Scotland Yard’s disciplinary system opens its doors

PC Simon Harwood faces a misconduct panel over the death of Ian Tomlinson at the G20 protests.

PC Simon Harwood (Reuters)

Today will see a first, a Metropolitan Police misconduct hearing held in public. Well almost.

Fifteen seats have been set aside for those keen to witness police judging police. There are 10 allocated for the family of Ian Tomlinson, whose death has already been the subject of two public hearings, an inquest and a trial.

Finally there are four seats which have been allocated to journalists and another 14 in an annex where they will be able to view proceedings on a screen. But public access is not simply walking through a door and into a lift.

The inquiry’s being held in a dedicated room of the 14th floor of a secure office block in west London which houses much of the Met’s core business. So identities will be checked against a list which due to demand was closed some time ago.

Public access is, to say the least, limited.

Not a rerun of the trial

It is only the second time in the UK a police disciplinary hearing has opened its doors to public scrutiny. It has come about because the Independent Police Complaints Commission (IPCC) has used its powers to compel the Met to hold the hearing in public. The force itself has no powers to do this.

What the selected audience will see will be unique, something of a cross between a General Medical Council hearing and a court martial.

The three-man panel will be chaired by a police commander, who will decide firstly on the facts of PC Harwood’s case before deciding if his baton swipe at Mr Tomlinson and his shove to the ground amounted to unreasonable force. PC Harwood’s behaviour that fateful day at the G20 demonstrations in 2009, including violent confrontations with other demonstrators, will also be examined in detail.

An inquest jury ruled Mr Tomlinson’s death was unlawful but a criminal trial jury declared the police constable not guilty of manslaughter.
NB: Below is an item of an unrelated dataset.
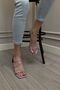 Women's Soft Leather Comfortable Heeled Slippers - 2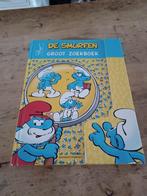 Boek de SMURFEN  groot zoekboek, Ophalen of Verzenden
They were not satisfied beyond reasonable doubt the evidence stacked up.

Very similar evidence will be put before the misconduct panel. The bar for proof is lower but what must be proved is whether the officer’s actions “seriously undermine public confidence in policing.”

This is not a rerun of the trial. The Tomlinson family will be allowed through their lawyer to propose questions the panel may put to PC Harwood. It is almost the last throw of the dice for the family in their quest for justice.

If the panel decide that PC Harwood’s actions amounted to gross misconduct then there are a range of penalties from reprimand, to written warning to dismissal.

In the past year (Aug 2011- Aug 2012) 50 of 79 Met officers brought up before a gross misconduct board have been sacked, 14 given final warnings, four written warnings, and 10 where the case was found not proven. There was no further action taken in the one remaining.